Auditors performing audits of public companies often have to engage specialists during financial statement audits, depending upon the complexity of items listed on its client’s financial statements. 

A Specialist Defined:

Auditing Standard (AS) 1210, Using the Work of a Specialist, defines a specialist as a person or firm possessing special skills or knowledge in a particular field other than accounting or auditing.  Some common specialists are actuaries, appraisers, engineers, environmental consultants, geologists and attorneys (in certain circumstances).

Why Utilize a Specialist:

A specialist may be needed for any of the following situations:

  • Valuation of more complicated or infrequent subjects (complex financial instruments, works of art, real estate and environmental contingencies are examples)
  • Determination of physical characteristics relating to quantity on hand or condition (an example: mineral rights and quantities)
  • Determination of amounts derived by using specialized techniques or methods (includes actuarial valuations for employee benefit plans)
  • Interpretation of technical requirements, regulations, or agreements (such as legal document interpretation)

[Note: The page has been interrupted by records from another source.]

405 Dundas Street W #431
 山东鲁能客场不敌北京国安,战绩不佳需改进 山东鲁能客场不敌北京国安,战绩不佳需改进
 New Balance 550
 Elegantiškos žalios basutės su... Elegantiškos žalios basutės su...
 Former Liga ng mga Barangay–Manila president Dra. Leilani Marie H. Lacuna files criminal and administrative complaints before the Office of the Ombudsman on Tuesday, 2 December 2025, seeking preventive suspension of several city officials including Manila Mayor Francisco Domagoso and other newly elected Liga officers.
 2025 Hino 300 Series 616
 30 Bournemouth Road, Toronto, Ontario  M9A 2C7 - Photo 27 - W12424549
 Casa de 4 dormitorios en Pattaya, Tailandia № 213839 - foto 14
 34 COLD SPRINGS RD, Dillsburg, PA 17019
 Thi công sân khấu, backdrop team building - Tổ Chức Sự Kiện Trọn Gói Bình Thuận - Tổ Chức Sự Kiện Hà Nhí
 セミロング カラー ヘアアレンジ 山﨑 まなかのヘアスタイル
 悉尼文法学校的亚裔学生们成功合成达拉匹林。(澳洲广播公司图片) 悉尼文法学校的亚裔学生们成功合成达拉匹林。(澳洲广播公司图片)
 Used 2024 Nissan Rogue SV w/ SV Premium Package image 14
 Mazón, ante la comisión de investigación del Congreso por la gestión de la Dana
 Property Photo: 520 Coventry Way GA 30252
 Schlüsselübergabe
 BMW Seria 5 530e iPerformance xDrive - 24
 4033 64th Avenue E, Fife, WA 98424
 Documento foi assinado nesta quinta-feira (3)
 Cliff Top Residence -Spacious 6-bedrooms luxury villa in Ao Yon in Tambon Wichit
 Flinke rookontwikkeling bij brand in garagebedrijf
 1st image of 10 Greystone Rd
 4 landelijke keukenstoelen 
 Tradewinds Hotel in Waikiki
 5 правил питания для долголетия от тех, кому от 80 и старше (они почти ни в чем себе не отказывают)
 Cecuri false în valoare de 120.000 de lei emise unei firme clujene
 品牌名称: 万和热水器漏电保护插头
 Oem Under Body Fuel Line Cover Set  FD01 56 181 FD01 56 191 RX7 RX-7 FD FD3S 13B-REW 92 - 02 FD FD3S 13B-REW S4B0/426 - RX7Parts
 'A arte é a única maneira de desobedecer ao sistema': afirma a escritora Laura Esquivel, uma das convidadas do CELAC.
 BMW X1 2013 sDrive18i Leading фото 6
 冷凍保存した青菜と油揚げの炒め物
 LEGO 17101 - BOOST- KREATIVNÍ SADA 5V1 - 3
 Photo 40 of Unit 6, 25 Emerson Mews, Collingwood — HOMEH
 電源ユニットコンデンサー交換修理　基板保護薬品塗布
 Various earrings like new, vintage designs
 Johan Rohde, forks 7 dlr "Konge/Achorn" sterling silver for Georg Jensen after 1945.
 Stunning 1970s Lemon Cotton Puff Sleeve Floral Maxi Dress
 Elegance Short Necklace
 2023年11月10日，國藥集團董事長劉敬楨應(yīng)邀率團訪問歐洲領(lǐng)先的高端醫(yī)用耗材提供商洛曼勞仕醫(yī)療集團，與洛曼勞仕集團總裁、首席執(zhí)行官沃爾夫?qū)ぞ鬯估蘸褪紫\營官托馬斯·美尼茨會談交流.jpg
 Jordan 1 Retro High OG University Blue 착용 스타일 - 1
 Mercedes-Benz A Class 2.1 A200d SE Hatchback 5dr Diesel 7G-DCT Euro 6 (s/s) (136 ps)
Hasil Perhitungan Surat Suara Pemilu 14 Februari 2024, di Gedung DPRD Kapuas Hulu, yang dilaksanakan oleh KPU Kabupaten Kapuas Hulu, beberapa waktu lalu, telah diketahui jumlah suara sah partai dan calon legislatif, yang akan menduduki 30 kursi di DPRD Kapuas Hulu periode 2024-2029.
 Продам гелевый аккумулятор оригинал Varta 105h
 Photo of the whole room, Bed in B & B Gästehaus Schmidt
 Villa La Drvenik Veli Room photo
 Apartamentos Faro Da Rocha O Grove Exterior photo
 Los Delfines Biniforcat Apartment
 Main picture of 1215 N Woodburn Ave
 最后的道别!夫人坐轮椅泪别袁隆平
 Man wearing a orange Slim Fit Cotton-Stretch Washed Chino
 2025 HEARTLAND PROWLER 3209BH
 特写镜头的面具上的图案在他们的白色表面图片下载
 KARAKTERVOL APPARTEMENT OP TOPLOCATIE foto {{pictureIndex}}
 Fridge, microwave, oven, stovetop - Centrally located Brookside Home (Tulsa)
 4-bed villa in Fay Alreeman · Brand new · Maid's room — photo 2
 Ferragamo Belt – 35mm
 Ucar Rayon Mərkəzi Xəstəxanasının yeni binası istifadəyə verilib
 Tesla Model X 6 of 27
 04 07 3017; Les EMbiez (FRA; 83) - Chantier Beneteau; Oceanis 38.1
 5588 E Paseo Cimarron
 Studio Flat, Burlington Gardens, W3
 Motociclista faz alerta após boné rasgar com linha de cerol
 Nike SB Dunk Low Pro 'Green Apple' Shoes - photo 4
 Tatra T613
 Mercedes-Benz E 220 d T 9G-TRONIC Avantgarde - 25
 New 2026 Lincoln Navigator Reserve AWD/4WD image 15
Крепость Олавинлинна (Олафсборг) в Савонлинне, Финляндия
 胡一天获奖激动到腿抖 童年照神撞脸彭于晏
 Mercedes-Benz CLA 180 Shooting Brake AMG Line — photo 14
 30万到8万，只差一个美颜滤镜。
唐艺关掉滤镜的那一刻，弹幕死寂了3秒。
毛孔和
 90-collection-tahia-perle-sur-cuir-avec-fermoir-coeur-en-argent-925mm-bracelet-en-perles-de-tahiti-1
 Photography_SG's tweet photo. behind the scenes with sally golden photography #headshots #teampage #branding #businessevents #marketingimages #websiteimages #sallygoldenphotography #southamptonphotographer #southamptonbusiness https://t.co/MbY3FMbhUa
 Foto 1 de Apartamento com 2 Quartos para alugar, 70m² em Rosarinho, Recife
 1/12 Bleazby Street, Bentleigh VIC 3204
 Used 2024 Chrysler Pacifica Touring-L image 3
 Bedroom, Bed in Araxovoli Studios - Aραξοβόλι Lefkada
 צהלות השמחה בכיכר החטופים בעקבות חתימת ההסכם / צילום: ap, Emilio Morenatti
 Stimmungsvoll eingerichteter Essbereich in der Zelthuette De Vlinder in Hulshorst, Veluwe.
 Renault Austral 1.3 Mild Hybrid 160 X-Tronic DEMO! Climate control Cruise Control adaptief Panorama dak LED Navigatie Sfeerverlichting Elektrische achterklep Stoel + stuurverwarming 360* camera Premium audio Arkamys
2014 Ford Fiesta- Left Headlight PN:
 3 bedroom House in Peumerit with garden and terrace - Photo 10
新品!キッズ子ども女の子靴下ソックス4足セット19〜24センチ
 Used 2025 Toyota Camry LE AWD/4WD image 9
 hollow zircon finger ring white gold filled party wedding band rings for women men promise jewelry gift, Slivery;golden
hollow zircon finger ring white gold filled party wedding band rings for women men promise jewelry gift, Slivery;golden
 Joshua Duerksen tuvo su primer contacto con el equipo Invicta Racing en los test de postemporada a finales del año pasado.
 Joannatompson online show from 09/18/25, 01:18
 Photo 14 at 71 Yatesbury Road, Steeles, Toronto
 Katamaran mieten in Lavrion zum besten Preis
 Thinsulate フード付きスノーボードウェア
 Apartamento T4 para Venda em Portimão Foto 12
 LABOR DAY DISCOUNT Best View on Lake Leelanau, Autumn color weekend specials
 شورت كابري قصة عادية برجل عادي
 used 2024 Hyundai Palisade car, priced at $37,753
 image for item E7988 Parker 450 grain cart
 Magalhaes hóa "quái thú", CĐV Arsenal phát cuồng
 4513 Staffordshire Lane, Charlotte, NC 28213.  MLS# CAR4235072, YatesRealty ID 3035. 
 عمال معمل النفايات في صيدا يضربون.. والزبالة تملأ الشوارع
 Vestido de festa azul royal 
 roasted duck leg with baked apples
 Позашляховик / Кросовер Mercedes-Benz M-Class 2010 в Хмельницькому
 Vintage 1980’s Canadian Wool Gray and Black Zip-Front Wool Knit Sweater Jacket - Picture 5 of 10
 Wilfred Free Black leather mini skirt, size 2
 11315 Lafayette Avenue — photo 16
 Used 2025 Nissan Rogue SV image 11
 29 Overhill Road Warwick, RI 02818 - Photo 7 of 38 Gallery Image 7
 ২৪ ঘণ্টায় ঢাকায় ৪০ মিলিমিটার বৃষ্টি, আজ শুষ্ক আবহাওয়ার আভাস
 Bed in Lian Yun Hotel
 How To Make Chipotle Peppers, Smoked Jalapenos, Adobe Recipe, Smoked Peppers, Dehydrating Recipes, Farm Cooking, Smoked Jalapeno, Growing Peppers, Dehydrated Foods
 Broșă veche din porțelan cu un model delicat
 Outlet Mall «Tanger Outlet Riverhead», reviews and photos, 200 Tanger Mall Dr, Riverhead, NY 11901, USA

AS 1210 lists three ways that specialists are engaged for audit work: (1) management engages a specialist and auditor uses the specialist’s work as evidential matter for substantive testing; (2) management engages a specialist employed by the audit firm to provide services; and (3) auditor engages a specialist and uses their work for evaluation.   Specialists with no relationship to the company provide the highest assurance of reliability, however, auditors can assess the risk of objectivity by the company specialist.  The auditor must assess the circumstances to determine if the company can directly or indirectly control or influence the specialist. 

Current Guidance in Place:

PCAOB provides specific guidance on the use of specialists as part of a financial statement audit.  AS 1210 details the use of a specialist:

  • Applicability of the standard and when a specialist may be needed
  • Qualifications and work of a specialist
  • Relationship of specialist to client
  • Applying the findings of the specialist
  • Effect of the specialist’s work on the audit report
  • Requirements for referencing the specialist’s work in the audit report  

Updated Guidance:

The December 2018 modification to AS 1210 changed the title of the standard from Using the Work of a Specialist to Using the Work of an Auditor-Engaged Specialist.  It highlights two areas of update: using the work of a company specialist and using the work of an auditor’s specialist.  First, the update added to and amended the use of the work of a company specialist as audit evidence.  Additional requirements for assessing the work of the specialist has been added to the standard, as well as, bringing the standard in alignment with risk assessment standards and accounting estimates standards.  Guidance on evidence to support auditor conclusions is also included in the amendment.  For an auditor’s specialist, supplementary requirements have been added for applying the supervisory principles of AS 1201 to auditor-employed specialists and extending the requirements to auditor-engaged specialists.  Supplementary requirements include communicating the work needed by the specialist, as well as, how to review and evaluate the work.  Revision was made to the assessment requirements of the specialist as well as the obligation of the auditor when there is a relationship between the company and specialist that may affect objectivity.  This modification is effective for audits of fiscal years ending on or after December 15, 2020.